Tuesday, October 28, 2008

The Z-Factor

It's been less than a week since the Mariners announced Jack Zduriencik (zur-EN-sik) as their new GM and I'm already back against the dike, plugging holes with my little rationalizing fingers. On the other side is that vast sea of Mariners pessimism filled with the tears of the last five years.

Jack Zduriencik was a disappointing selection.

That's not to say that he's not qualified for the job. As scouting director for the Brewers, he rebuilt a tattered farm system, providing the solid core of young players that (with a healthy dose of Sabathia) put Milwaukee in the playoffs for the first time in my life. He's also famous for being the first non-GM to win Baseball America's Executive of the Year award.

But what the Mariners desperately needed was an analyst. The Mariners are a backwards, 20th-century organization, with weak technological infrastructure and little understanding of the advances in baseball research in the last 20 years. We just got rid of our Dan Duquette, our Chuck LaMar, but we didn't replace him with a Theo Epstein or Andrew Friedman. Instead, the Mariners tried to find the next John Schuerholz or Terry Ryan. If they found him, it's going to be a great decade of Mariners baseball, but it's a risk that just doesn't make a lot of sense.

Bill Bavasi was a terrible general manager at the major league level, but he oversaw huge increases and improvements in our amateur and international scouting programs. Scouting director Bob Fontaine and international scouting director Bob Engle are outstanding, by all accounts. And, although the Mariners player development program has been dubious at best, the amount of talent flowing into the system increased dramatically under Bavasi.

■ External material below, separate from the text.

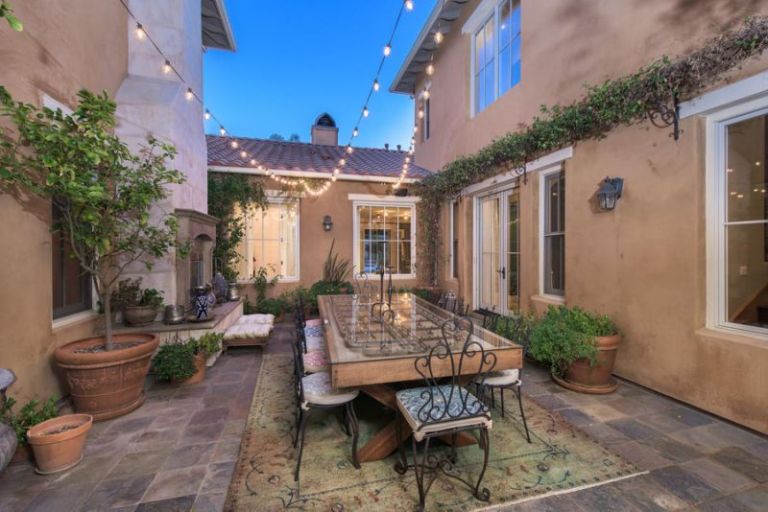 Selena Gomez courtyard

Though Bavasi's gone, all of those people and improvements are still in place. Scouting is a Mariner strength. Analysis is our glaring weakness. We consistently overpaid for the wrong skills, gave away far too much in trade, and assembled an expensive team of hacktastic lead gloves who slapped and bobbled their way to 101 losses. Given the budget the Mariners have run the last few years and our scouting success, there is absolutely no reason we shouldn't be contending for the division every year. And with a GM who really understands modern player valuation, we could.

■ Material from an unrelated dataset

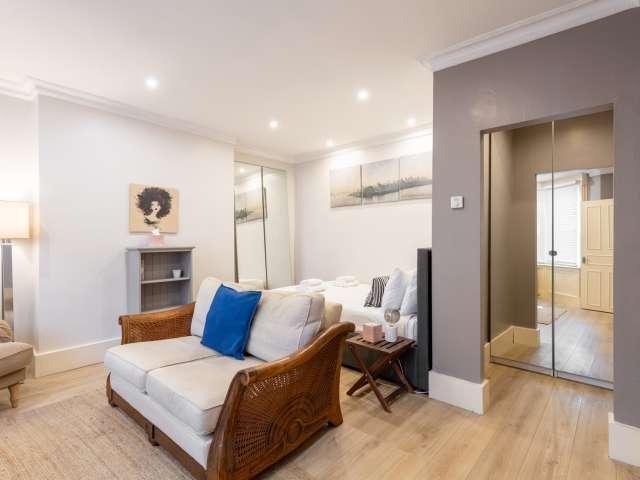 Studio for rent in North Kensington, Greater London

Instead, the Mariners went out and got another top-notch scouting guy, making our current front-office talent redundant, and not addressing our major weaknesses at all.

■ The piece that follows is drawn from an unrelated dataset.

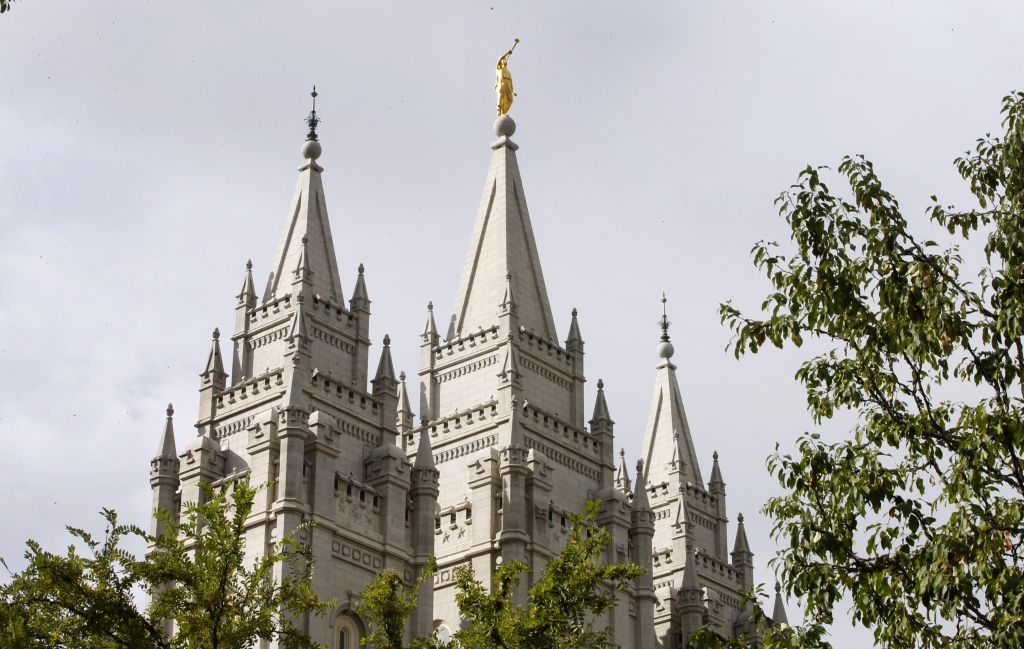 Mormon church will no longer baptize children of gay parents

But, here's the thing: I'm an optimist at heart, much to the chagrin of my biggest fan. I want to like Zduriencik and I want to be excited about the M's again. So, I convince myself that an old scout like Jack-Z must've learned a thing or two about modern statistical analysis from Doug Melvin in Milwaukee. He must notice the sustained success of the Red Sox, and the rapid improvement of the Rays. Or maybe he doesn't, but maybe it doesn't matter because the three-headed super-scouting team of Zduriencik, Fontaine, and Engle actually will turn us into the next Minnesota or Atlanta. Maybe Howie and Chuck knew what they were doing after all...

Jack Zduriencik's first move as general manager? Bob Fontaine was fired yesterday. And that dike just sprung another leak.